На преступления в сфере искусства и древностей смотрят сквозь пальцы отчасти потому, что они вроде бы обходятся без жертв. Я лично спасал национальные сокровища на трех континентах и могу поручиться, что это близорукий подход. Многие из похищенных произведений стоят гораздо больше своей цены. Это документальные следы нашей общей человеческой культуры. За десятки и сотни лет владельцы предметов могут меняться, однако великие произведения принадлежат нам всем, нашим предкам и будущим поколениям. Для некоторых находящихся под угрозой и угнетенных народов их искусство зачастую – единственное оставшееся выражение культуры. Похитители крадут не просто красивые вещи, а память и идентичность. Они воруют историю.
Когда речь заходит о высоком искусстве, американцев считают некультурным народом. Они якобы пойдут скорее не в музей, а на бейсбольный матч. Но, как я объяснял зарубежным коллегам, статистика опровергает стереотипы. Американцы ходят в музеи чаще, чем на спортивные состязания. В 2007 году больше людей посетило музеи Смитсоновского института в Вашингтоне (24,2 миллиона), чем игры Национальной баскетбольной ассоциации (21,8 миллиона), Национальной хоккейной лиги (21,2 миллиона) и Национальной футбольной лиги (17 миллионов). В Чикаго городские музеи ежегодно посещает восемь миллионов человек: это больше, чем суммарное за сезон число зрителей на матчах местных бейсбольных команд: Bears, Cubs, White Sox и Bulls.
Приближалось время моей презентации, и я подумал, что всех выступающих можно распределить по трем «ящикам»: ученые, юристы и дипломаты. Ученые фонтанировали статистикой и теоретическими диаграммами. Юристы рассказывали смертельно скучные, похожие на пересказ законов истории о международных трактатах, связанных с кражей предметов искусства. Дипломаты были бесполезны. Они выглядели безобидно и призывали к благородному сотрудничеству, но при этом имели, похоже, две истинные цели. Во-первых, никого не задеть. Во-вторых, составить пресное заявление для какого-то из ооновских комитетов. В общем, никаких действий.
Где же страсть?
Мы так любим искусство, потому что оно задевает глубокие струны в каждом из нас, от восьмилетнего ребенка до восьмидесятилетнего старика. Простое действие – нанести краску на холст или превратить железо в скульптуру – чудо человеческого разума. Оно создает универсальные связи независимо от того, кто этим занимается: французский мастер или первоклашка. Искусство всегда пробуждает эмоции и чувства.
Именно поэтому, когда кто-то крадет произведение искусства или грабит памятники в древнем городе, лишая его души, мы ощущаем насилие над собой.
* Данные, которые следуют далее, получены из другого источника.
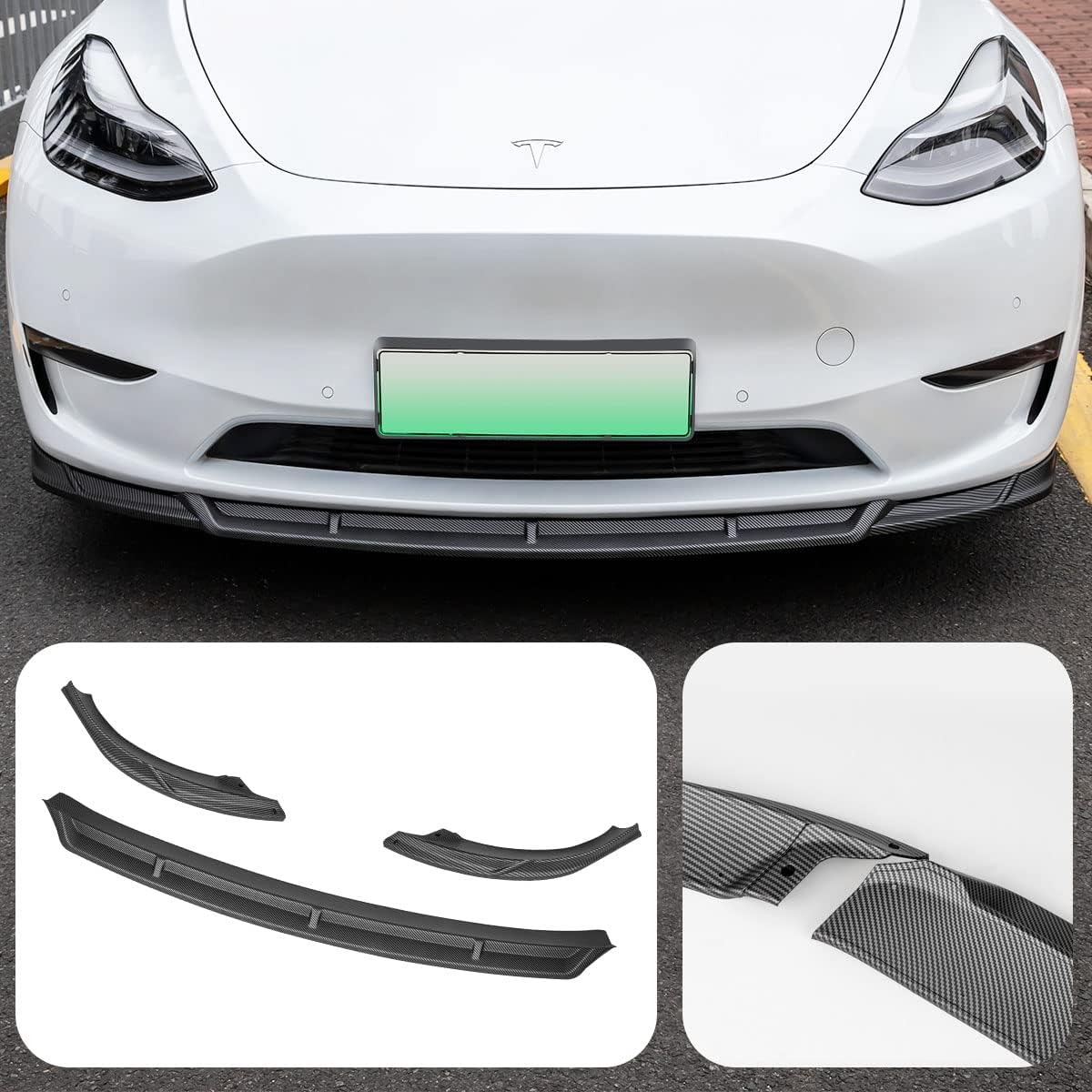 BMZX Tesla Model Y Front Lip Spoiler Carbon Fiber Pattern Matte ABS Bumper Spoiler Lip Kit Matt for Tesla Model Y 2020 2021 2022 2023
Я ждал окончания выступления шефа Интерпола, чтобы начать свою презентацию, и смотрел на собравшихся в зале высоких гостей. Снег уже дошел до окон. Я погрузился в дрему. «Как получилось, – думал я, – что сын сироты из Балтимора и японской делопроизводительницы сидит здесь как лучшая в стране ищейка по преступлениям в сфере искусства?»
Провенанс
Глава 3. Становление агента
Балтимор, 1963 год
– Грязные япошки!
Я уже слышал это слово, но на сей раз оскорбление исходило от большой белой женщины с сумками продуктов в руках. Оно ударило меня с такой силой, что я онемел, сжал мамину руку и стал смотреть на тротуар. Женщина прошла мимо и прошипела в спину:
– Желтые!
Мне было семь лет.
Мама, Ятиё Акаиси-Уиттман, даже не вздрогнула. Она насмешливо смотрела вперед, и я понимал, что от меня ожидают того же. Ей было тридцать восемь, и, насколько я знаю, она оказалась единственной японкой в нашем рабочем районе дешевых двухэтажных кирпичных домов. Мы были здесь новенькими и всего несколько лет назад переехали из родного для мамы Токио в Балтимор, где жил отец. Родители познакомились в Японии в последние месяцы Корейской войны. Папа служил на авиабазе в Татикаве, а мама работала там делопроизводителем. В 1953 году они поженились, и в том же году родился мой старший брат Билл. Я появился на свет в Токио двумя годами позже. От мамы мы унаследовали миндалевидные глаза и стройное телосложение, а от папы – светлую кожу и широкую улыбку.